EXERCISE AIM
Print the data that follows again, keeping every line exact.

Records drawn from a dataset:
########################################

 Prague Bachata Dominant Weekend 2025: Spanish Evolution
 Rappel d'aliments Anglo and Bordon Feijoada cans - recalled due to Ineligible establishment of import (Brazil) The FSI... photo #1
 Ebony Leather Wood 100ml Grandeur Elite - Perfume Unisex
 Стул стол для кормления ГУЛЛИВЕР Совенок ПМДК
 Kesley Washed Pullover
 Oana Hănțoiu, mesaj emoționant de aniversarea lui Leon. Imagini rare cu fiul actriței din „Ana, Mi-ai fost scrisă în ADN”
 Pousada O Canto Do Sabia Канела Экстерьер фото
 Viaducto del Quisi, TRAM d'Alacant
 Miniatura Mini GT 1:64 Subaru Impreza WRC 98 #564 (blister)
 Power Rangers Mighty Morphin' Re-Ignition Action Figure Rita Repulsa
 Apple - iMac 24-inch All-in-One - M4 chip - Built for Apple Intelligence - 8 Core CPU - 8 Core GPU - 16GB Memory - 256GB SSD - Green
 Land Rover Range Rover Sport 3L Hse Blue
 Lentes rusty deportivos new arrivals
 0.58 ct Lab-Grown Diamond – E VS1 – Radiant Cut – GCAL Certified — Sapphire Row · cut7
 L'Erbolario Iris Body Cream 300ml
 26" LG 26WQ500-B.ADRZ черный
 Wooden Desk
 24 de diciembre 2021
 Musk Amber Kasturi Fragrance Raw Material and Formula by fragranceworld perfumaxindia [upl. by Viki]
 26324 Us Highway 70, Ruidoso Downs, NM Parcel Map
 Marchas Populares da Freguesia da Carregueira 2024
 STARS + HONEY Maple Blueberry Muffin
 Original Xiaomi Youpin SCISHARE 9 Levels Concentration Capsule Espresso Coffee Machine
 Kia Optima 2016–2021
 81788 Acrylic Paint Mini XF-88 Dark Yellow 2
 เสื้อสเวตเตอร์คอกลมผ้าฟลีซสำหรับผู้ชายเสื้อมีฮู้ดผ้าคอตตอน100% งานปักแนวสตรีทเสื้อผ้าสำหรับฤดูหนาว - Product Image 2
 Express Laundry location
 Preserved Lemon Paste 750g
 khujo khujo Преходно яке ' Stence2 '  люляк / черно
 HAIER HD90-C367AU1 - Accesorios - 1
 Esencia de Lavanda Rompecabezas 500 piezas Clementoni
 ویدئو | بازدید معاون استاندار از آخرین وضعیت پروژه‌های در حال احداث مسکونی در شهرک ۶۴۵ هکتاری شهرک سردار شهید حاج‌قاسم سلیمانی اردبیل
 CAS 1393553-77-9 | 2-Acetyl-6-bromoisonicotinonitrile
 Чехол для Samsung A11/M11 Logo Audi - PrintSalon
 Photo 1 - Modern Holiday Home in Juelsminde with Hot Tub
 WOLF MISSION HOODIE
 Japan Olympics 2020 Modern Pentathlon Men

########################################

RESULT FOR THIS EXERCISE
 Prague Bachata Dominant Weekend 2025: Spanish Evolution
 Rappel d'aliments Anglo and Bordon Feijoada cans - recalled due to Ineligible establishment of import (Brazil) The FSI... photo #1
 Ebony Leather Wood 100ml Grandeur Elite - Perfume Unisex
 Стул стол для кормления ГУЛЛИВЕР Совенок ПМДК
 Kesley Washed Pullover
 Oana Hănțoiu, mesaj emoționant de aniversarea lui Leon. Imagini rare cu fiul actriței din „Ana, Mi-ai fost scrisă în ADN”
 Pousada O Canto Do Sabia Канела Экстерьер фото
 Viaducto del Quisi, TRAM d'Alacant
 Miniatura Mini GT 1:64 Subaru Impreza WRC 98 #564 (blister)
 Power Rangers Mighty Morphin' Re-Ignition Action Figure Rita Repulsa
 Apple - iMac 24-inch All-in-One - M4 chip - Built for Apple Intelligence - 8 Core CPU - 8 Core GPU - 16GB Memory - 256GB SSD - Green
 Land Rover Range Rover Sport 3L Hse Blue
 Lentes rusty deportivos new arrivals
 0.58 ct Lab-Grown Diamond – E VS1 – Radiant Cut – GCAL Certified — Sapphire Row · cut7
 L'Erbolario Iris Body Cream 300ml
 26" LG 26WQ500-B.ADRZ черный
 Wooden Desk
 24 de diciembre 2021
 Musk Amber Kasturi Fragrance Raw Material and Formula by fragranceworld perfumaxindia [upl. by Viki]
 26324 Us Highway 70, Ruidoso Downs, NM Parcel Map
 Marchas Populares da Freguesia da Carregueira 2024
 STARS + HONEY Maple Blueberry Muffin
 Original Xiaomi Youpin SCISHARE 9 Levels Concentration Capsule Espresso Coffee Machine
 Kia Optima 2016–2021
 81788 Acrylic Paint Mini XF-88 Dark Yellow 2
 เสื้อสเวตเตอร์คอกลมผ้าฟลีซสำหรับผู้ชายเสื้อมีฮู้ดผ้าคอตตอน100% งานปักแนวสตรีทเสื้อผ้าสำหรับฤดูหนาว - Product Image 2
 Express Laundry location
 Preserved Lemon Paste 750g
 khujo khujo Преходно яке ' Stence2 '  люляк / черно
 HAIER HD90-C367AU1 - Accesorios - 1
 Esencia de Lavanda Rompecabezas 500 piezas Clementoni
 ویدئو | بازدید معاون استاندار از آخرین وضعیت پروژه‌های در حال احداث مسکونی در شهرک ۶۴۵ هکتاری شهرک سردار شهید حاج‌قاسم سلیمانی اردبیل
 CAS 1393553-77-9 | 2-Acetyl-6-bromoisonicotinonitrile
 Чехол для Samsung A11/M11 Logo Audi - PrintSalon
 Photo 1 - Modern Holiday Home in Juelsminde with Hot Tub
 WOLF MISSION HOODIE
 Japan Olympics 2020 Modern Pentathlon Men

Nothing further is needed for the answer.